§ **WHAT YOU ARE ASKED TO DO**: A faithful copy of every record is needed here. Images must not appear in it.

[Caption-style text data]
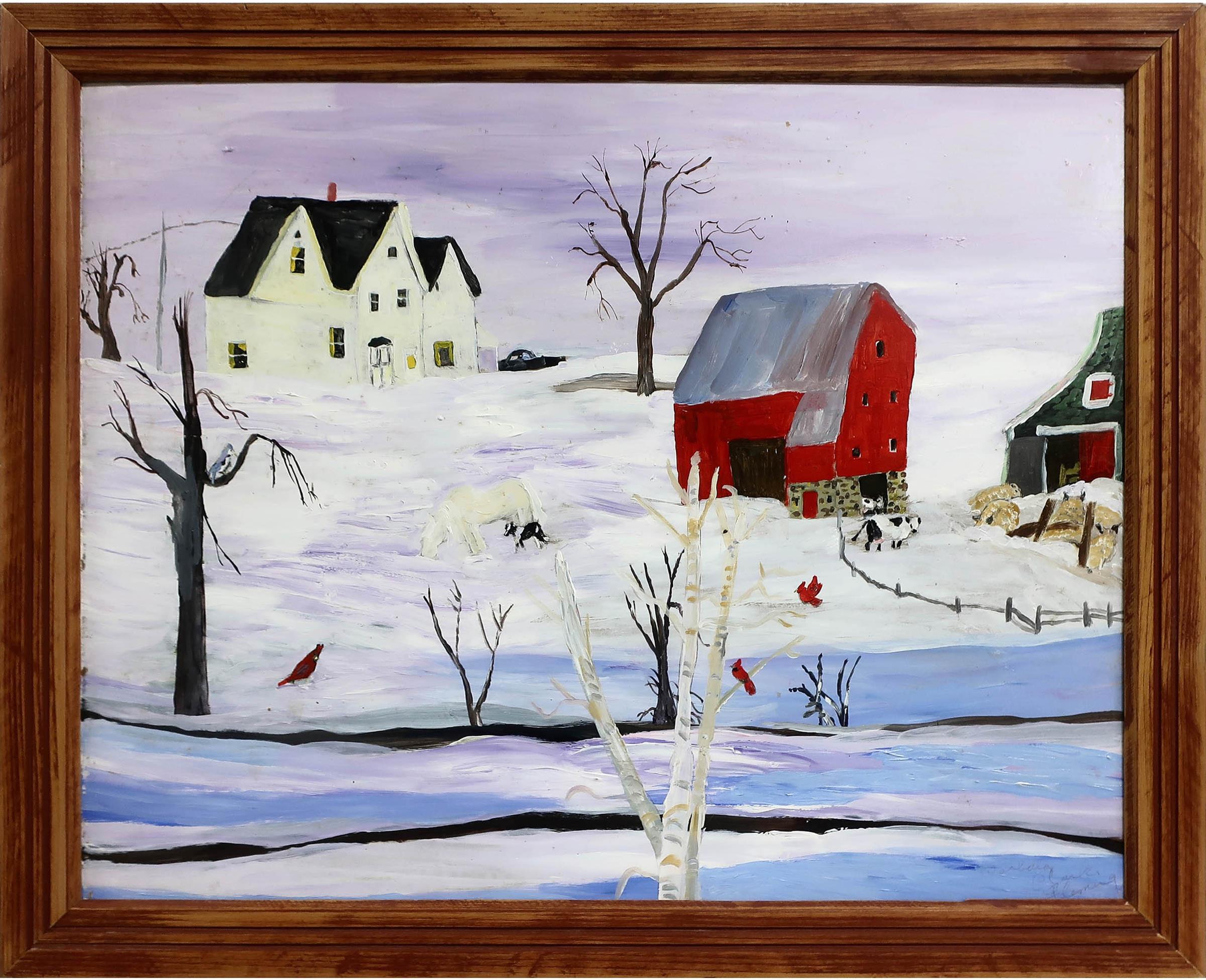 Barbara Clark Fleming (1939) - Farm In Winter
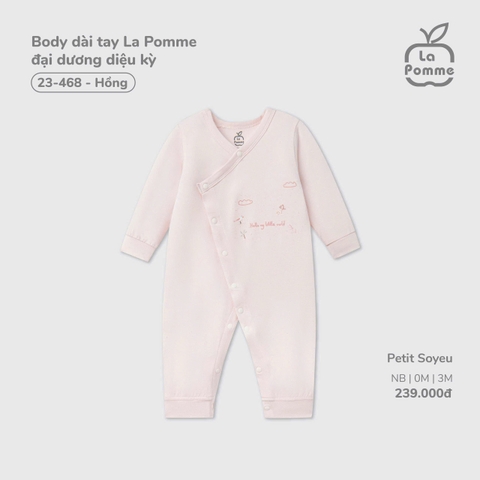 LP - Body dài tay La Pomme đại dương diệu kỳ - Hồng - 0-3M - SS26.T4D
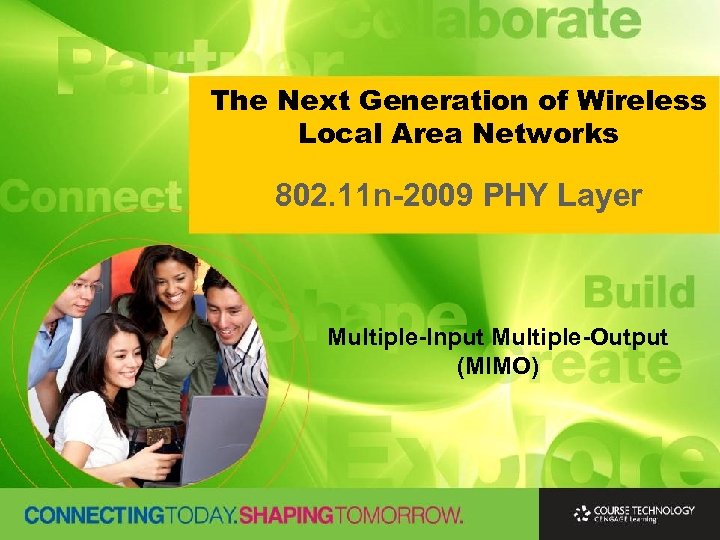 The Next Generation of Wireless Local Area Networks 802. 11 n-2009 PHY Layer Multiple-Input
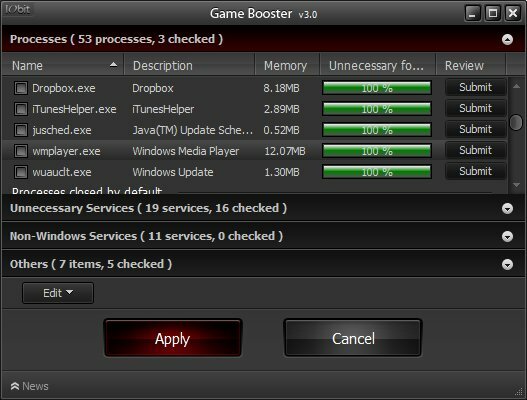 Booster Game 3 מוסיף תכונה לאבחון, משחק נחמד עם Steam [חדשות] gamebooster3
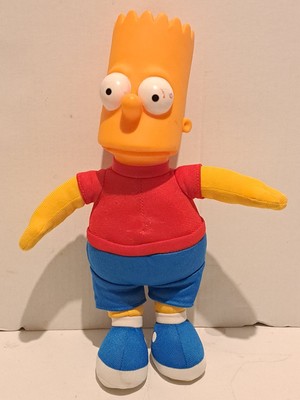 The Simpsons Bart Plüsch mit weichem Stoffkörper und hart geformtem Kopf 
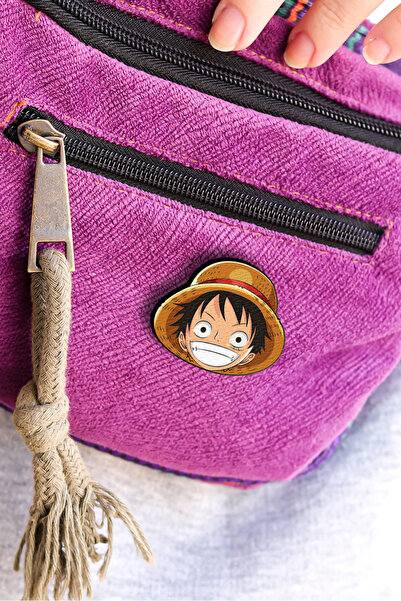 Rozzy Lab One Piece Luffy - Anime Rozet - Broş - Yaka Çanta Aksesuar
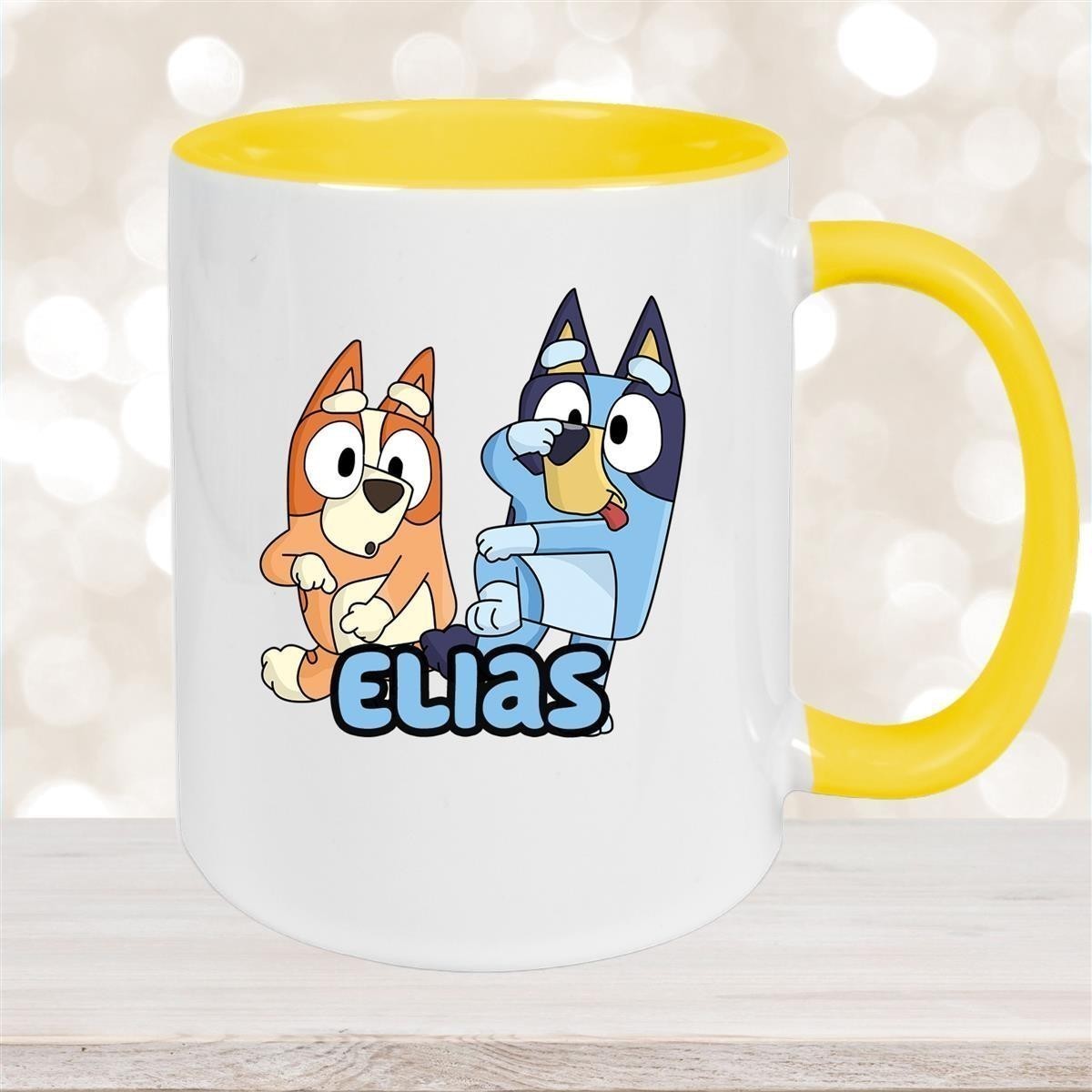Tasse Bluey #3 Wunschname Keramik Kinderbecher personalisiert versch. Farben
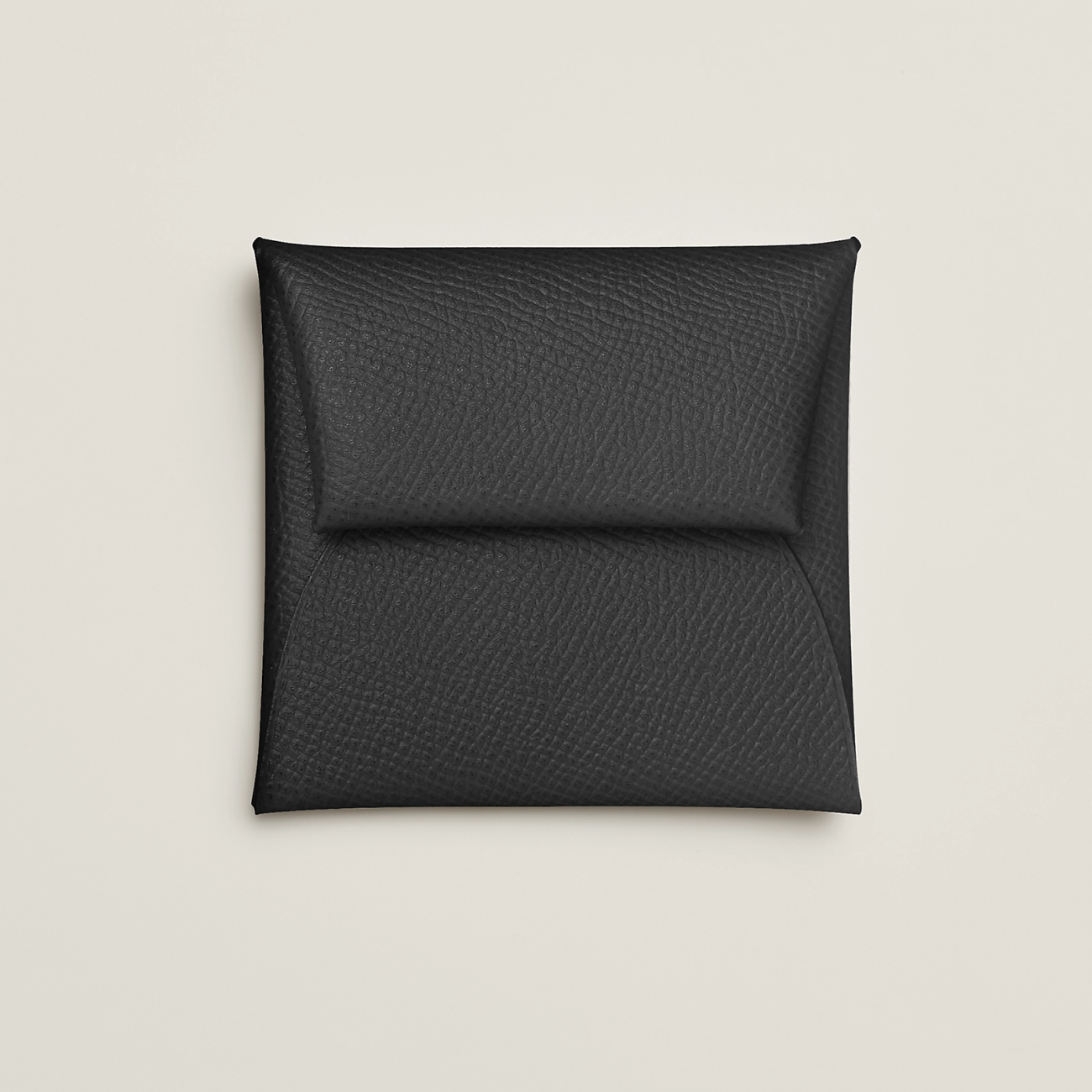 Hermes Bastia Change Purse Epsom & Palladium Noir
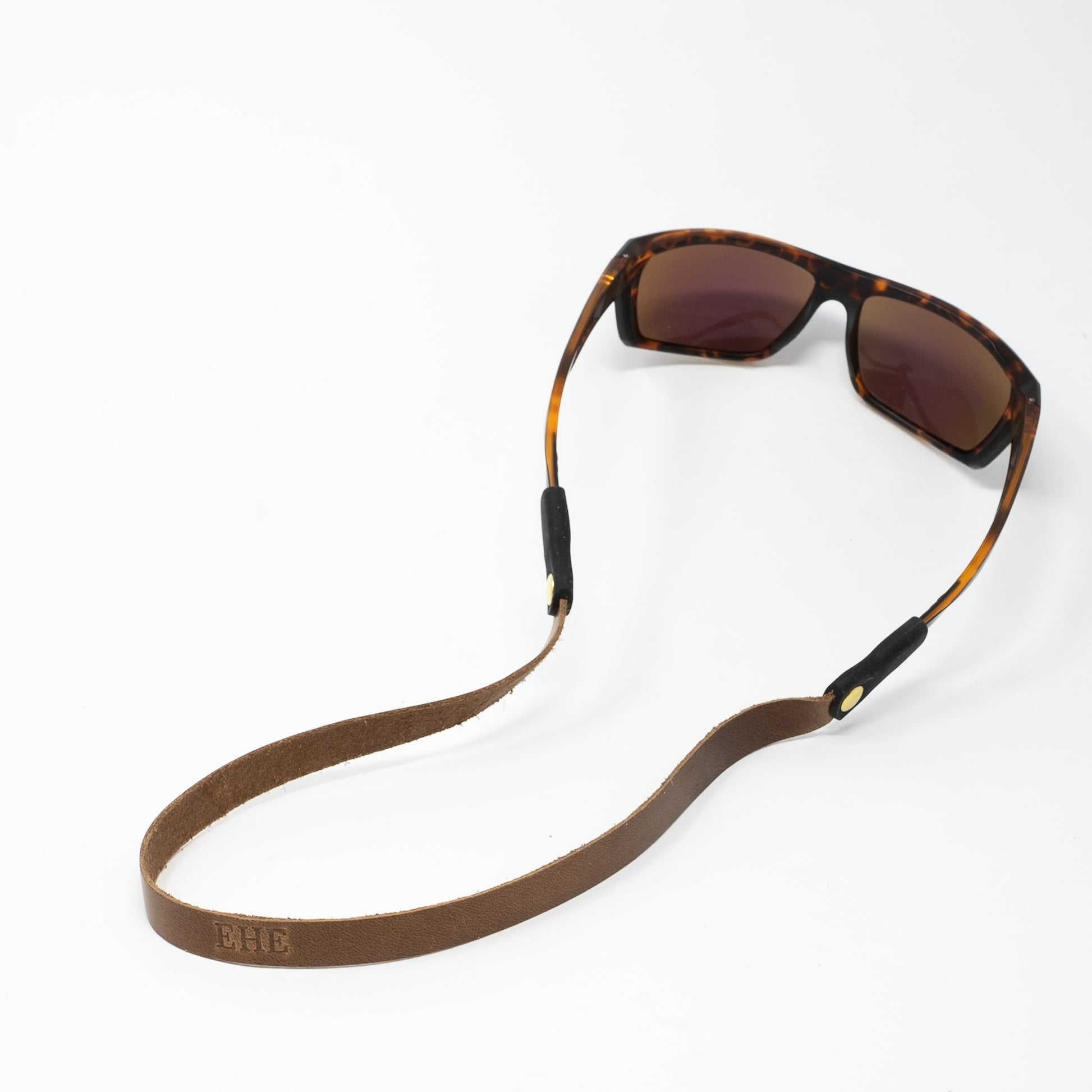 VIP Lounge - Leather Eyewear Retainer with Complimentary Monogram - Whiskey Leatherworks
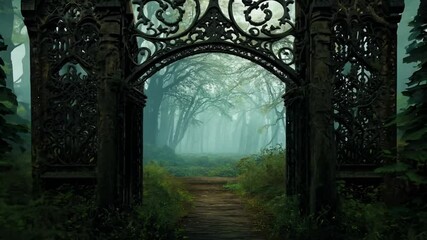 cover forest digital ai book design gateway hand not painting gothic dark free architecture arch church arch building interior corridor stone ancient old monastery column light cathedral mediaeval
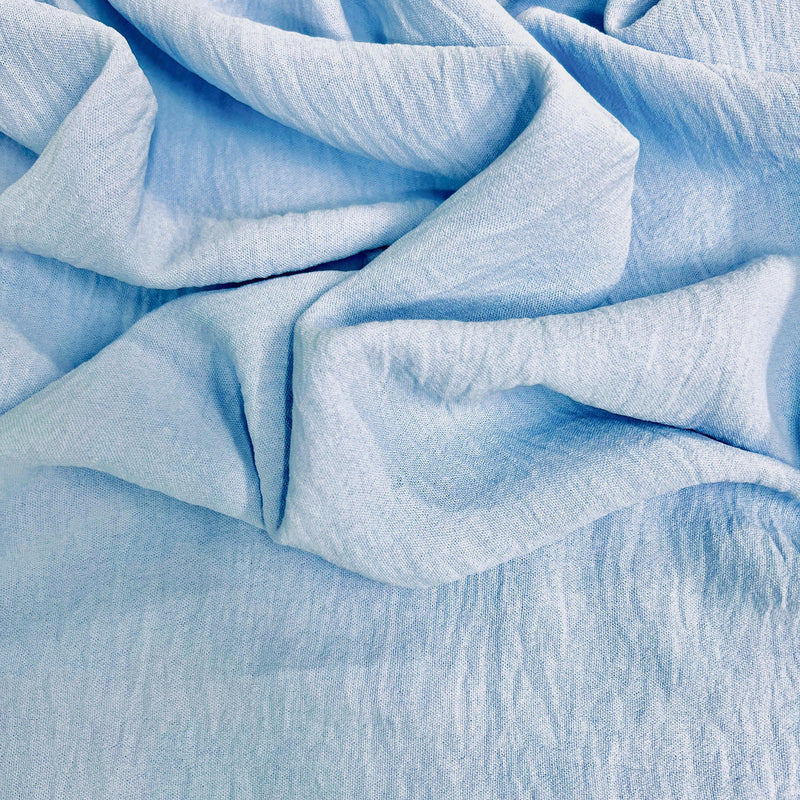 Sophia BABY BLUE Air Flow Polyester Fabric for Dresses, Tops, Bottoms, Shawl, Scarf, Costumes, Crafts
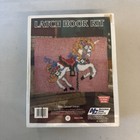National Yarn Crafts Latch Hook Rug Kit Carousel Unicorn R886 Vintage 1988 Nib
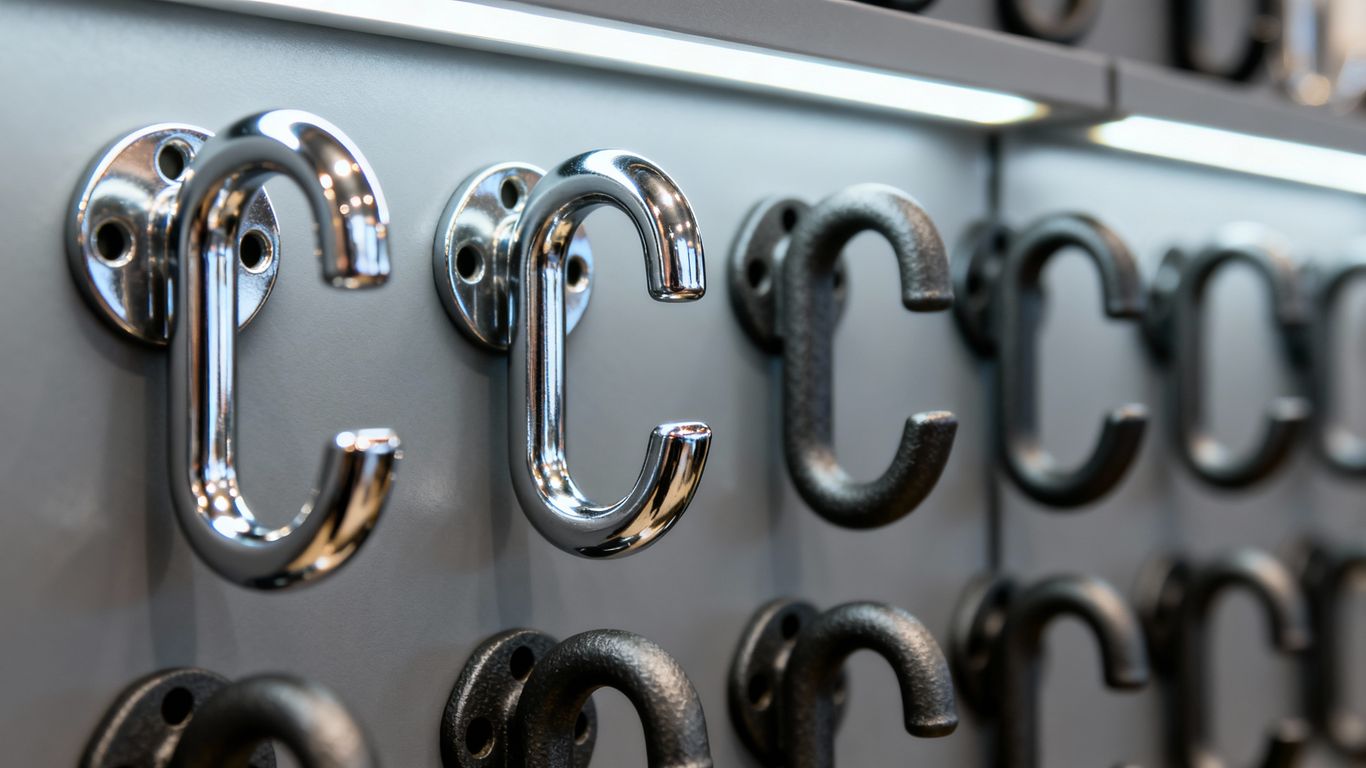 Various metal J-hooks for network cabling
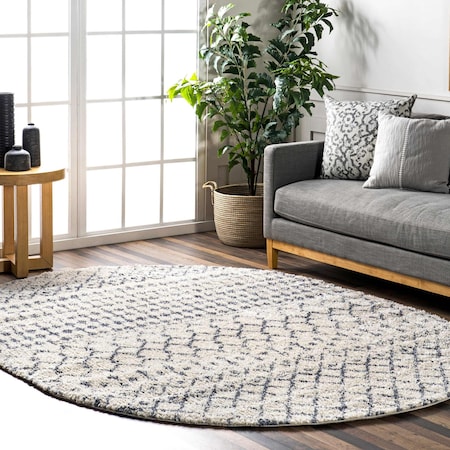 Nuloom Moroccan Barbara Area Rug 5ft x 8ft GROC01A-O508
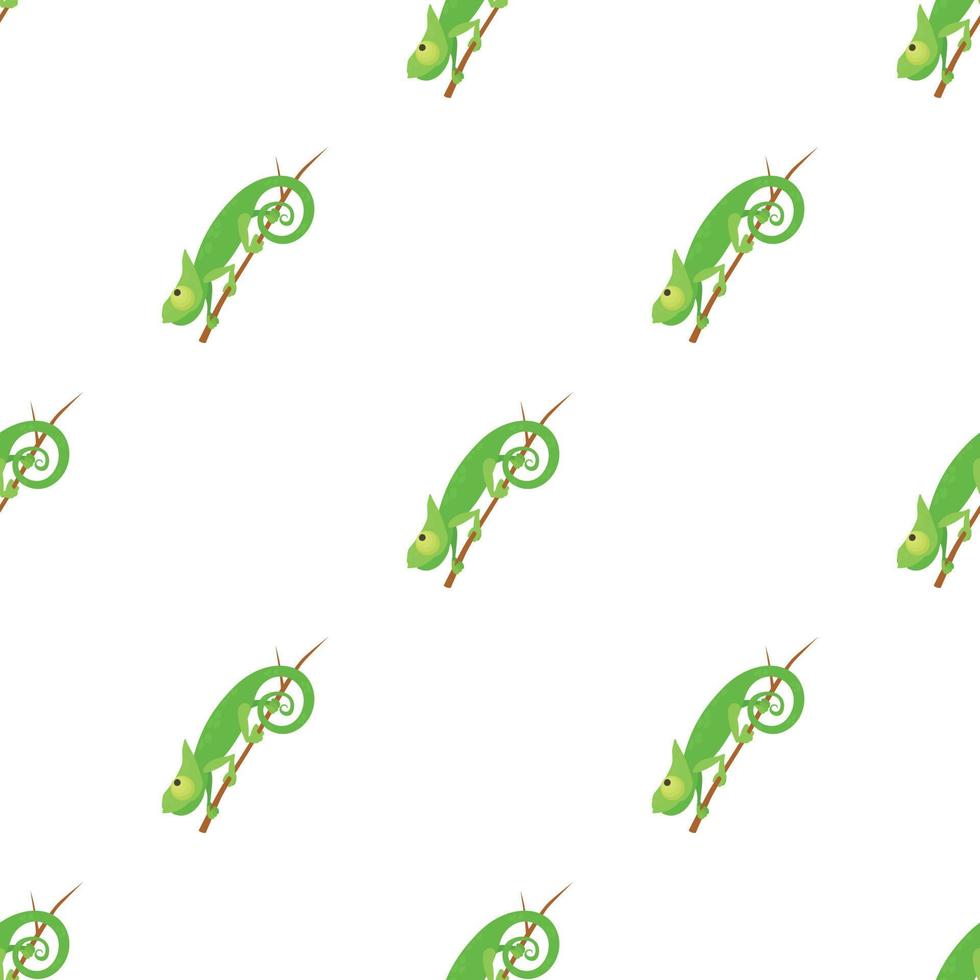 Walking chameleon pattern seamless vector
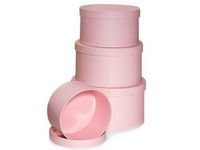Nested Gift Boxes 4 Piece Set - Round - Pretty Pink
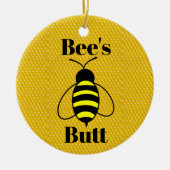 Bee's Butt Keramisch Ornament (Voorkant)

§ **RESPONSE TO THIS TASK**:
 Barbara Clark Fleming (1939) - Farm In Winter
 LP - Body dài tay La Pomme đại dương diệu kỳ - Hồng - 0-3M - SS26.T4D
 The Next Generation of Wireless Local Area Networks 802. 11 n-2009 PHY Layer Multiple-Input
 Booster Game 3 מוסיף תכונה לאבחון, משחק נחמד עם Steam [חדשות] gamebooster3
 The Simpsons Bart Plüsch mit weichem Stoffkörper und hart geformtem Kopf 
 Rozzy Lab One Piece Luffy - Anime Rozet - Broş - Yaka Çanta Aksesuar
Tasse Bluey #3 Wunschname Keramik Kinderbecher personalisiert versch. Farben
 Hermes Bastia Change Purse Epsom & Palladium Noir
 VIP Lounge - Leather Eyewear Retainer with Complimentary Monogram - Whiskey Leatherworks
 cover forest digital ai book design gateway hand not painting gothic dark free architecture arch church arch building interior corridor stone ancient old monastery column light cathedral mediaeval
 Sophia BABY BLUE Air Flow Polyester Fabric for Dresses, Tops, Bottoms, Shawl, Scarf, Costumes, Crafts
National Yarn Crafts Latch Hook Rug Kit Carousel Unicorn R886 Vintage 1988 Nib
 Various metal J-hooks for network cabling
 Nuloom Moroccan Barbara Area Rug 5ft x 8ft GROC01A-O508
 Walking chameleon pattern seamless vector
Nested Gift Boxes 4 Piece Set - Round - Pretty Pink
 Bee's Butt Keramisch Ornament (Voorkant)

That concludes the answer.